2. Der Kostenanteil von B. für Werbung und Vertrieb betragt DM 10,80; er entspricht in der Höhe somit den von I. für die Produktion aufgewendeten Kosten.
3. Der Verkaufspreis je Band des Werks wird wie folgt festgesetzt: Ladenpreis DM 48,–, Netto-Verkaufspreis DM 26,40, Änderungen dieser Preise bedürfen der Zustimmung beider Vertragsschließender.
§ 5
1. Der nach Abzug aller Unkosten verbleibende bzw. vereinbarte Verlagsanteil in Höhe von DM 4,80 je Band wird zwischen I. und B. hälftig geteilt.
2. Eventuelle Erlöse über diesen Betrag hinaus werden ebenfalls hälftig zwischen I. und B. geteilt.
3. Über den Verkauf der einzelnen Bände des Werks informiert B. I. monatlich.

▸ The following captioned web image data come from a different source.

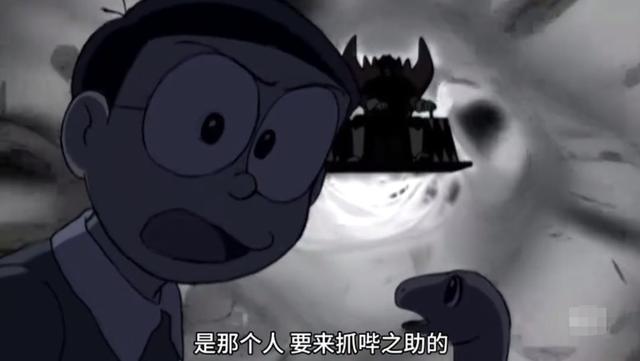 這是「哆啦A夢」表情最詭異的劇場版，藍胖子：這叫關愛的眼神！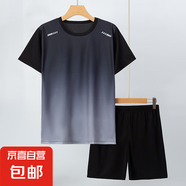 青少年夏裝兒童運(yùn)動(dòng)套裝2025新款童裝t恤速干漸變短袖短褲 漸變灰色XLL青少年套裝 常規(guī) 180 (L) CM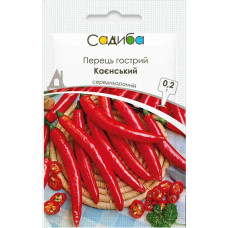 Насіння Перець гострий Каєнський, 0,2 г, Садиба
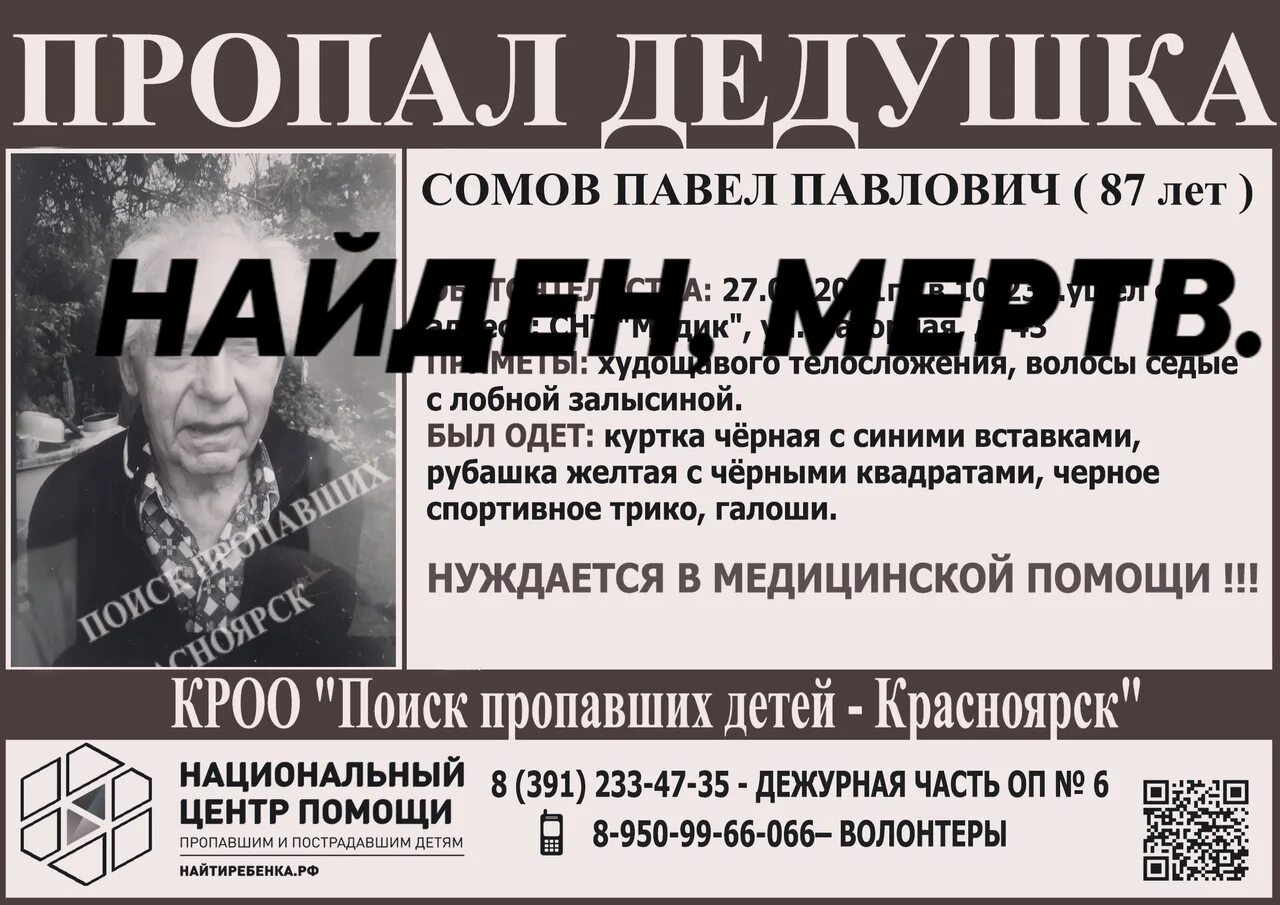 Год нету дедушки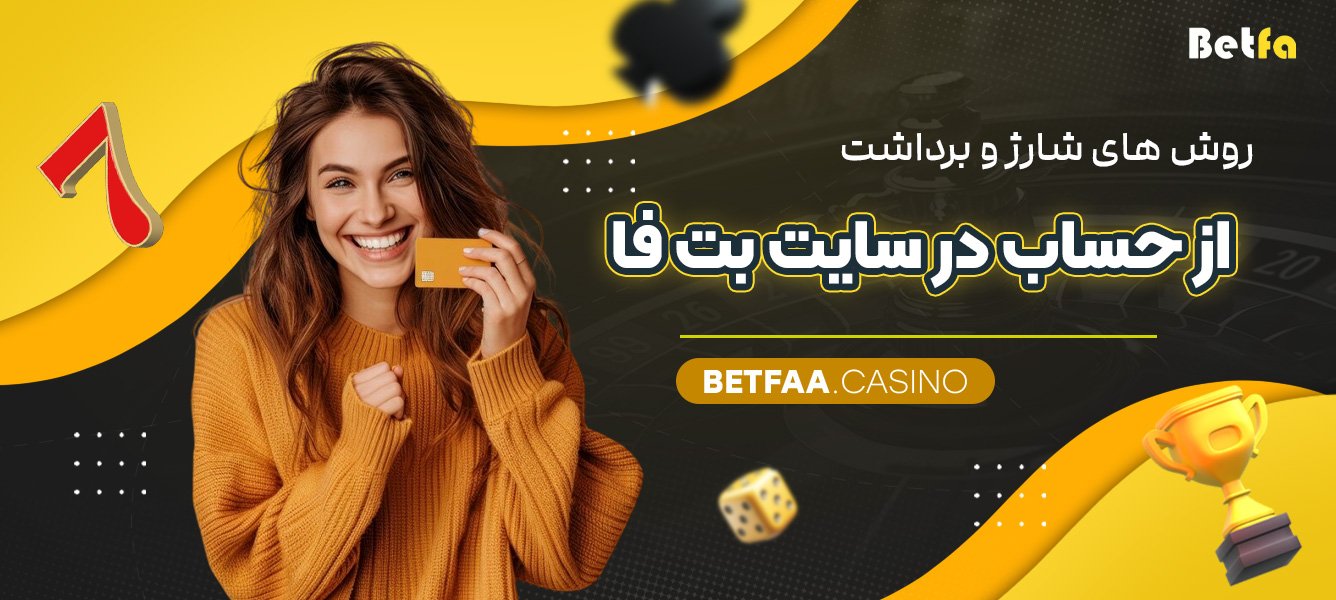 روش های شارژ و برداشت از حساب در سایت بت فا 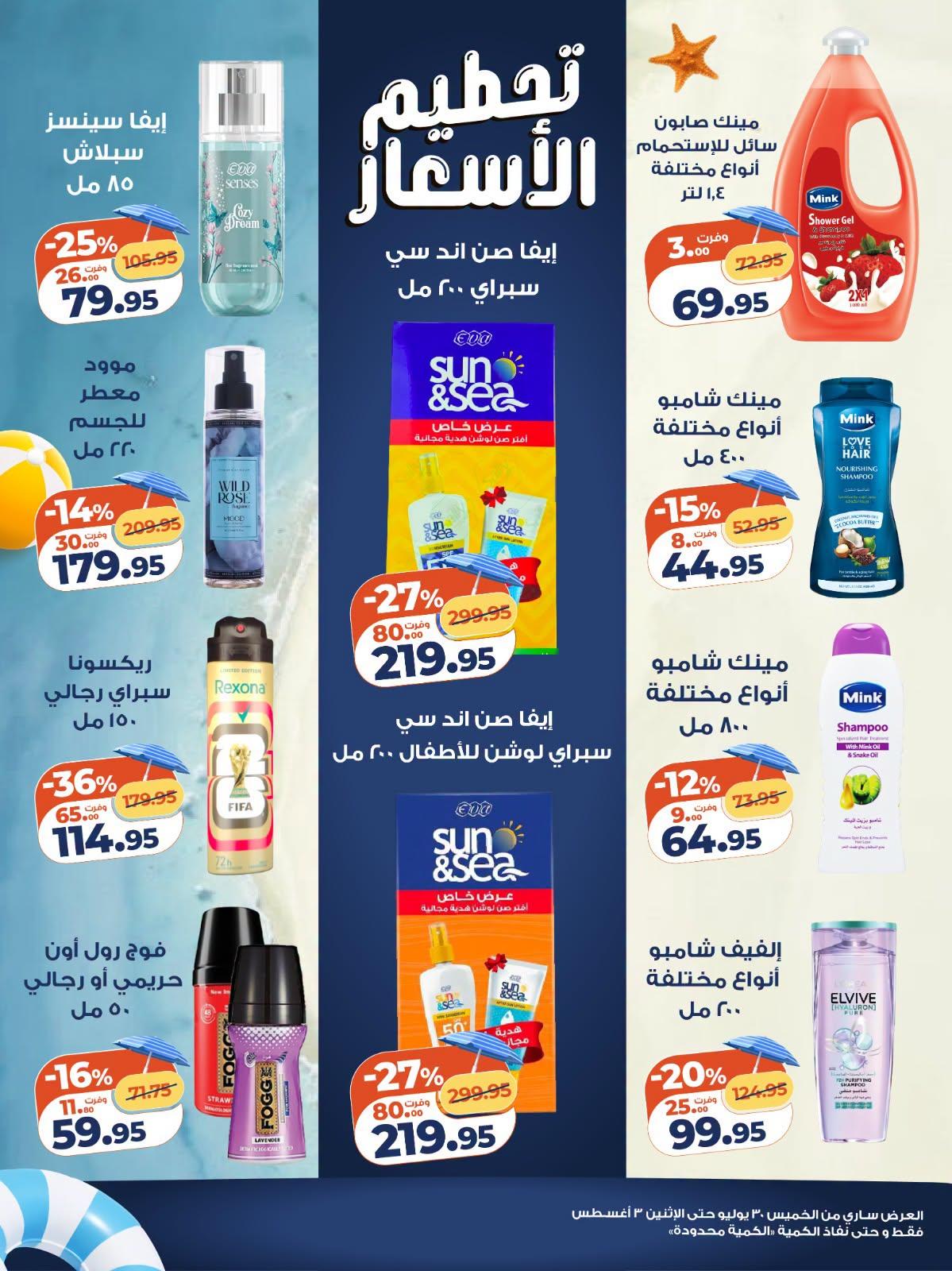 عروض كازيون صفحة 4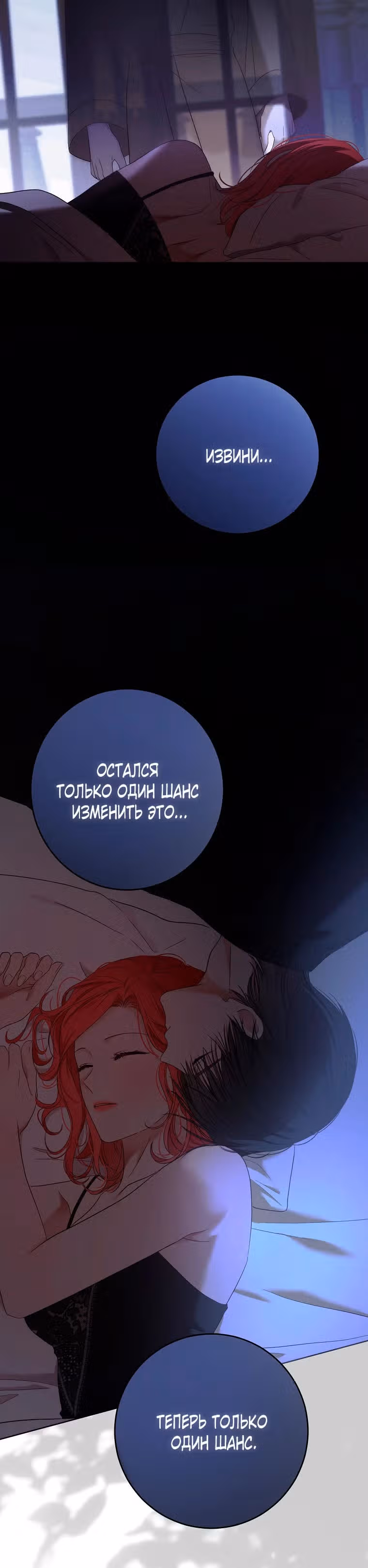 Кажется, я попала в мир игры-гаремника — Том 3 · Глава 151, страница 21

Die Rechnungslegung erfolgt vierteljährlich, und zwar innerhalb von 14 Tagen nach Quartalsende.
4. Die Beträge aus der Abrechnung an I. sind jeweils 60 Tage nach Rechnungslegung fällig,
§ 7
4. Maßgeblich für die Vertragsbeziehung zwischen I. und B. sind die Gesetze der Bundesrepublik Deutschland. Ergänzend hierzu sind die Bestimmungen des deutschen Urheberrechts anzuwenden.”
Von dem in einer Auflage von 10,000 Exemplaren zunächst gedruckten Band „Deutschland I” lieferte die Klägerin je einen Teil im Oktober 1976 und im Juli 1977 an die Beklagte aus; nach einer Abrechnung der Beklagten vom 31. Dezember 1978 wurden von diesem Band insgesamt 667 Exemplare verkauft. In der Folgezeit kam es zwischen den Parteien zu Differenzen. Die weiter geplanten Bände sind bislang nicht erschienen. Die Klägerin hat ihre Verlagsproduktion im Frühjahr/Sommer 1977 eingestellt.
Die Klägerin verlangt von der Beklagten Schadensersatz in Höhe von 640.000,– DM.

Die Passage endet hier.